Su abuelo Tito Hosmann, amante de la pesca con mosca, construyó una de las primeras casas de Traful, junto a la hostería Villa Traful. “Yo tenía un mes de vida cuando vine aquí, a estos lotes donde vivo hoy. Y siendo niño acompañaba a mi abuelo en la carpintería que tenía acá. Esa era su otra gran pasión. Quizás es ahí, viéndolo hoy, donde puede estar la génesis de mi trabajo y arte. Aún tengo herramientas que eran de él”. El primer trabajo suyo de madera fue una virgen talada de quebracho colorado que hizo a los 12 años para regalarle a su abuela.
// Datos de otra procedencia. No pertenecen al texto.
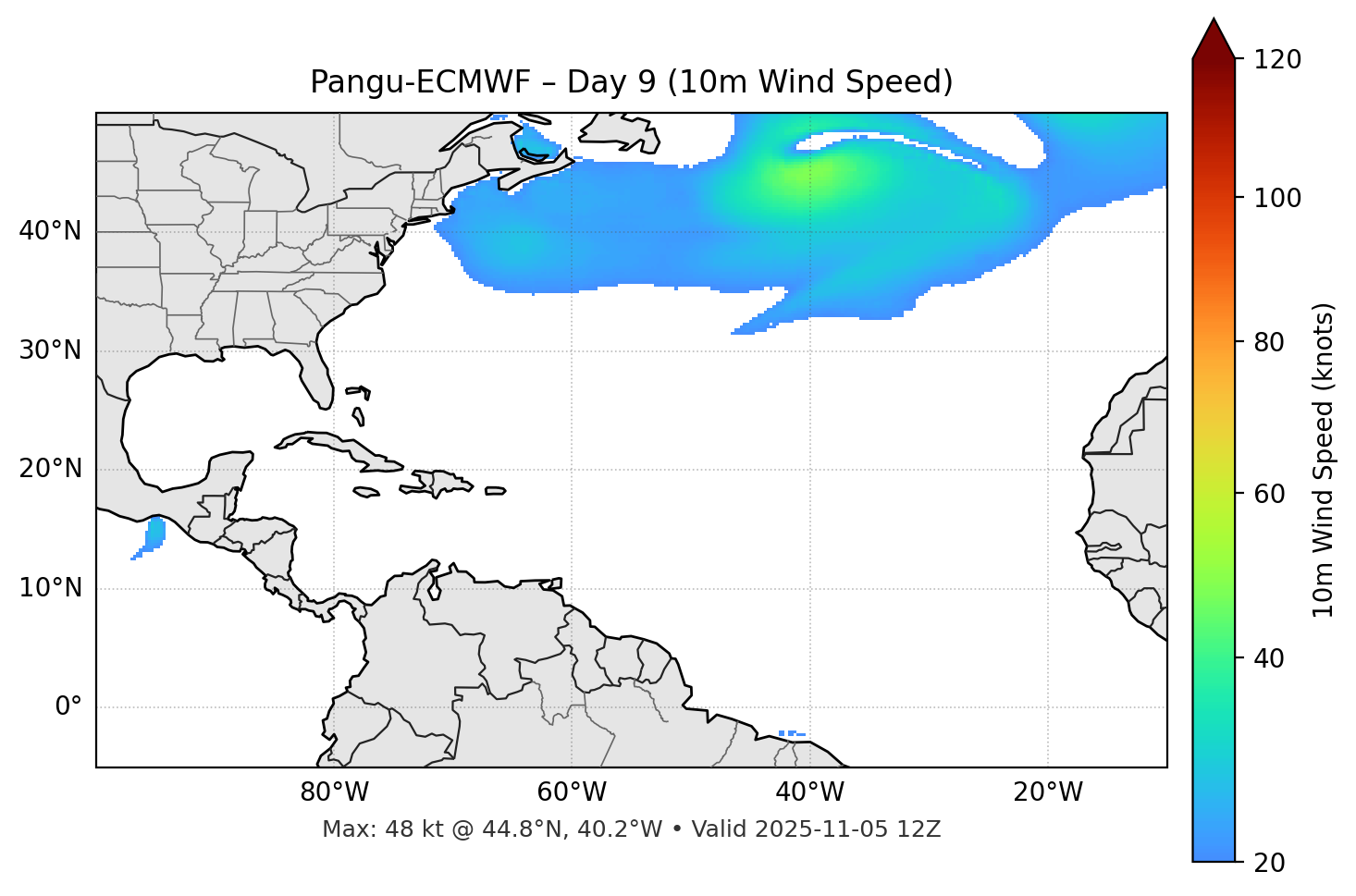 Pangu-ECMWF - Day 09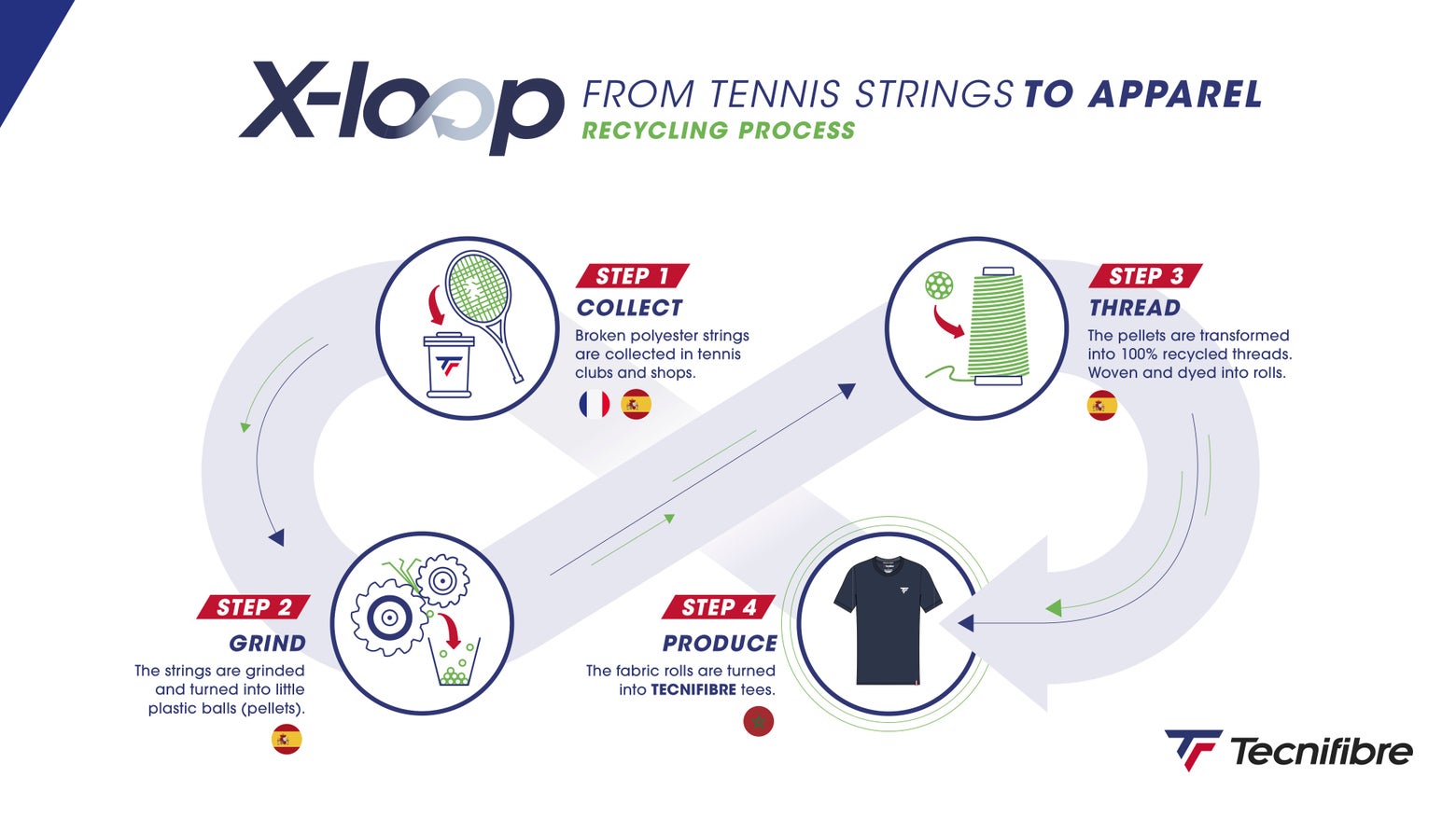 Tecnifibre X-Loop Explanation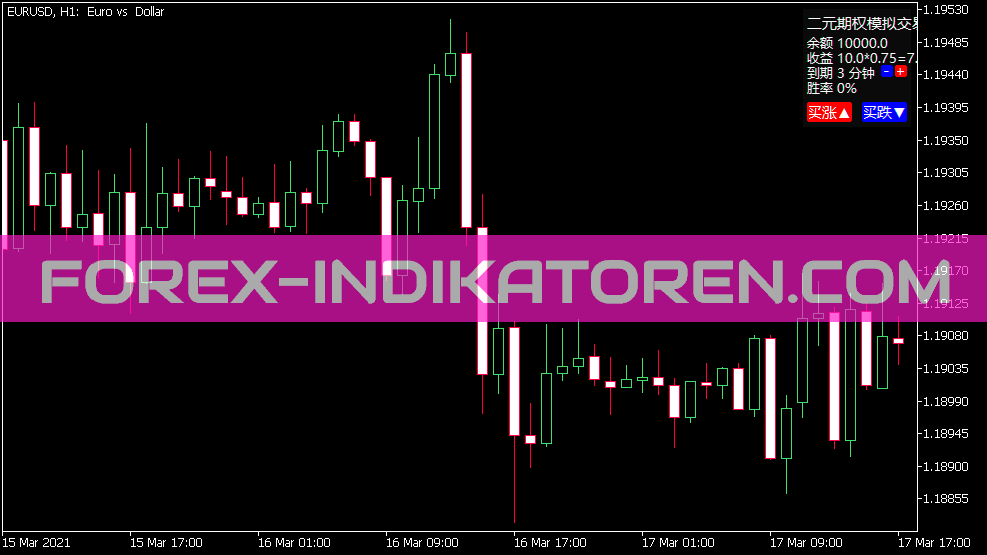 Binary Options Simulated Trading Indicator for MT5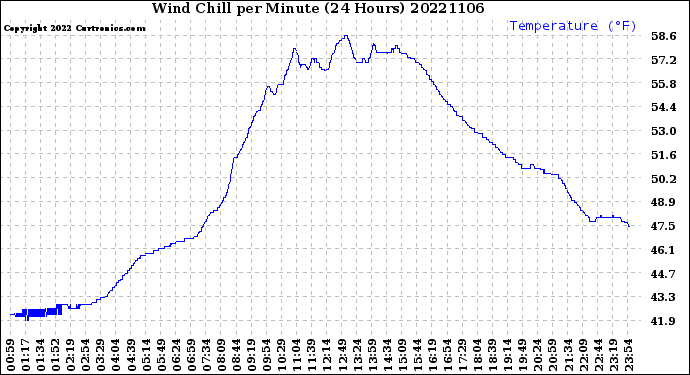 Milwaukee Weather Wind Chill<br>per Minute<br>(24 Hours)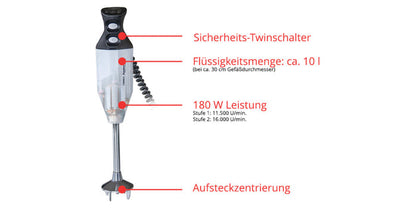 Der Stabmixer Unold ESGE-Zauberstab® Petticoat Edition verfügt über deutsche Kennzeichnungen für seinen Sicherheits-Doppelschalter, ~10L Fassungsvermögen, 180W Leistung mit zwei Geschwindigkeiten (11.500/16.000 U/min) und Aufsatzzentrierung.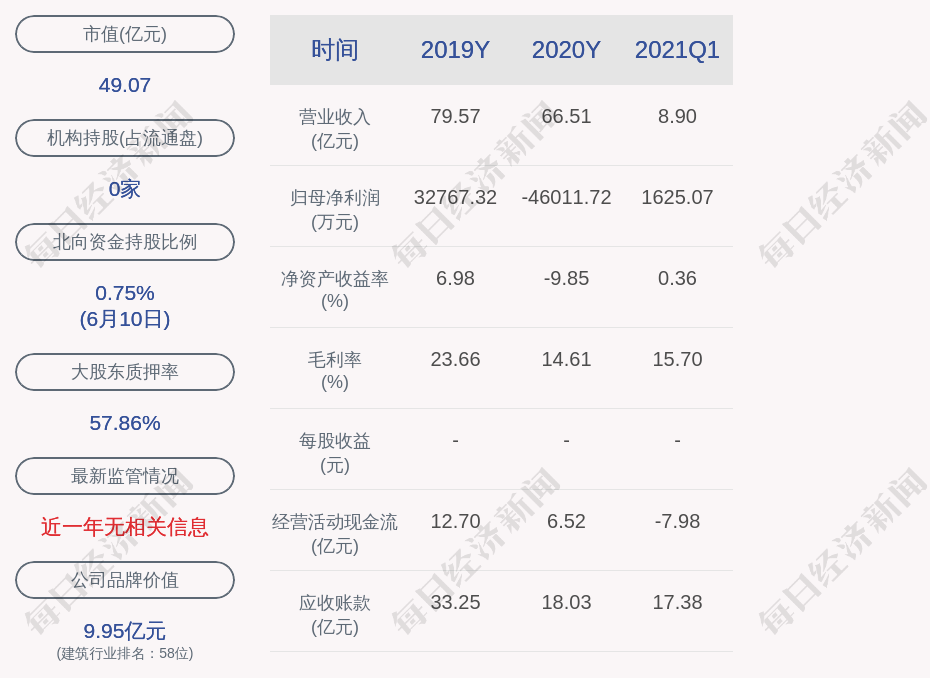 今世缘：控股股东拟2.7亿元至5.4亿元增持公司股份，增持价不超46元/股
El recuerdo de la infancia ablanda al hombre. Deja de conversar un rato. Mira a su alrededor y dice: “la caña de colihue es espectacular”. Toma una y con la sierra eléctrica corta un rodajita tan fina que parece una medalla o un recorte de puntilla. Transparente, porosa. “Viste. Si a cada poro se le encastran microtrocitos de madera puede salir algo bello”. Seguro que es así.


Su clientela, en un gran porcentaje, está conformada por celebrities internacionales y nacionales. De estos últimos, empresarios millonarios. Pero a no asustarte, no todos los precios de sus creaciones son altos. Hay algunos que son accesibles. O merecen pagarse lo que él cotiza; como esa vecina de Cinco Saltos que le pidió una mesa hecha con más de 1.000 piezas de maderas distintas. Barata seguro que no le salió pero a los gustos hay que dárselos en vida. “El precio de una obra surge del balance entre el alma y el estómago”, admite.


Invita unos mates. Dejamos el taller y pasamos a su casa. Frente al crepitar de unos leños en la chimenea le pregunto cómo hace para ver bien los micro destellos de madera que incrusta en sus obras, cómo anda de salud, cómo se vive de ebanista en un momento de tanta malaria… y a todo dice “luchando. A la única que no peleo es a la madera. Ella siempre gana”.